Blackwell Library Exhibit Inaugurates SU Women's History Month CelebrationSALISBURY, MD---For more than a century, women have shattered traditional gender roles when it comes to employment on the Delmarva Peninsula.
As part of this year’s national Women’s History Month theme, “Working to Form a More Perfect Union: Honoring Women in Public Service and Government,” Salisbury University’s Blackwell Library hosts an exhibit dedicated to the roles women have played in industries on Delmarva from March 1-31.
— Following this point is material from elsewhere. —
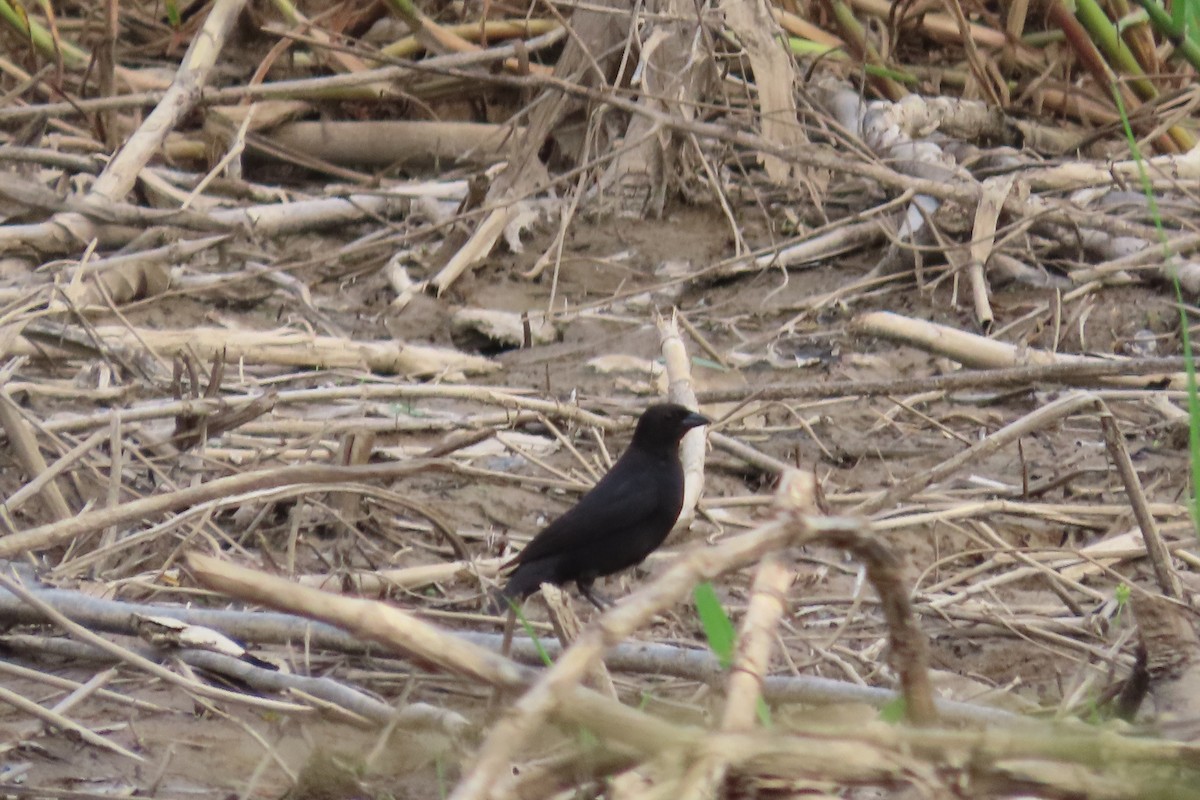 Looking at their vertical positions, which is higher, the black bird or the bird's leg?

“The women presented here lived between 1867 and 2010, but no matter the age, they broke socially constructed boundaries related to women in the workforce,” said SU graduate student Hallie Kroll, the exhibit’s coordinator. “Additionally, for some, they demonstrate the ways in which women were relegated to tasks that white men would not accept, such as teaching primary and secondary school, and migrant farm labor.
“This exhibit serves as a reminder that women on the Eastern Shore have a diverse and fascinating history of strength, conviction and pride with regard to working outside of the home.”
Profiled in the exhibit are environmental activist Ilia Fehrer, public school teacher Carrie Klienhenn, business owner Lillie Bell, “waterman” and restauranteur Doris Dukes, and Haitian migrant women workers of the 1980s.
Sponsored by the Charles R. and Martha N. Fulton School of Liberal Arts Public Humanities Initiative, Blackwell Library and the Edward H. Nabb Research Center for Delmarva History and Culture, the exhibit is part of SU’s Women’s History Month celebration.